> **DATA BELOW**
◆ ◆ ◆ ◆
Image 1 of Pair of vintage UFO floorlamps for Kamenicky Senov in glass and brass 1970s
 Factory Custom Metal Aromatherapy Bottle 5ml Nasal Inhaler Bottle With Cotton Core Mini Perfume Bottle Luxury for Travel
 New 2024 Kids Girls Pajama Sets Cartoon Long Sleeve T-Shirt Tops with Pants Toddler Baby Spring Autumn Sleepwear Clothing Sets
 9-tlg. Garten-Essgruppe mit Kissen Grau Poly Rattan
◆ ◆ ◆ ◆
> **WHAT TO PRODUCE**
Retype the material. Keep it exact.

> **TASK RESULT**
Image 1 of Pair of vintage UFO floorlamps for Kamenicky Senov in glass and brass 1970s
 Factory Custom Metal Aromatherapy Bottle 5ml Nasal Inhaler Bottle With Cotton Core Mini Perfume Bottle Luxury for Travel
 New 2024 Kids Girls Pajama Sets Cartoon Long Sleeve T-Shirt Tops with Pants Toddler Baby Spring Autumn Sleepwear Clothing Sets
 9-tlg. Garten-Essgruppe mit Kissen Grau Poly Rattan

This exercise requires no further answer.